Regulators, Whole Foods shareholders approve Amazon deal
Whole Foods shareholders and federal regulators approved Amazon's $13.7 billion acquisition of the organic grocer, a deal that could bring big changes to the supermarket industry and how people order groceries online.
By buying Whole Foods, Amazon is taking a bold step into brick-and-mortar, with more than 460 stores and potentially very lucrative data about how shoppers behave offline.
Two moves forward came Wednesday. Whole Foods shareholders gave their blessing to a union that its CEO had called "love at first sight." And the Federal Trade Commission said in a brief statement that it had looked into competition concerns and would not block the deal.
The FTC investigated whether the takeover "substantially lessened competition" or "constituted an unfair method of competition," said Bruce Hoffman, the acting director of the agency's Bureau of Competition. "Based on our investigation we have decided not to pursue this matter further."
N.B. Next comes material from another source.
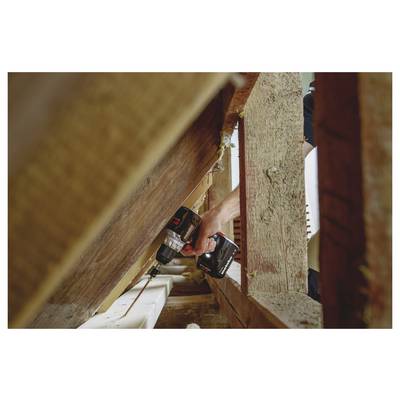 Une personne utilisant une perceuse sans fil pour fixer des poutres en bois dans un projet de construction ou de réparation, vue de dessous dans un espace de cadrage étroit.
A union that represents food-industry workers had asked the FTC to scrutinize the deal closely, saying it could hurt competition and lead to job cuts. Regulators tend to block deals when two direct competitors are combining, and Amazon—despite its dominance in the online marketplace—doesn't currently have a big groceries business.
Still, rivals are scrambling to catch up with the e-commerce giant. Walmart, which has the largest share of the U.S. grocery market, is expanding its grocery delivery service with ride-hailing service Uber and announced Wednesday that it will join forces with Google to let shoppers order goods by voice on Google devices.
Before the deal was announced in June, Whole Foods had been under intense shareholder pressure to improve results and retain customers who have more choices about where to get natural foods. As Whole Foods grew, more supermarkets offered similar organic and natural foods, but at cheaper prices.
Amazon and Whole Foods have not given many details about what might change for customers, though Whole Foods CEO John Mackey gave some general clues at a town hall with employees after the deal was announced. He said he thought Amazon would help with efforts on cost-cutting and a loyalty program. He noted Amazon is known for its innovation and said that company could turn Whole Foods from "the class dunce" to "valedictorian."
Mackey had said the deal came about after a "whirlwind courtship" and that "it was truly love at first sight."
As part of the deal, Amazon will pay Whole Foods shareholders $42 for each share they own. That was an 18 percent premium from its stock price the day before the tie-up was announced on June 16. Shares of Whole Foods Market Inc., which is based in Austin, Texas, ended Wednesday at $41.68.
Earlier this month, Amazon.com Inc. sold $16 billion of bonds in order to pay for Whole Foods. Seattle-based Amazon has said it expects the deal to close before the end of the year.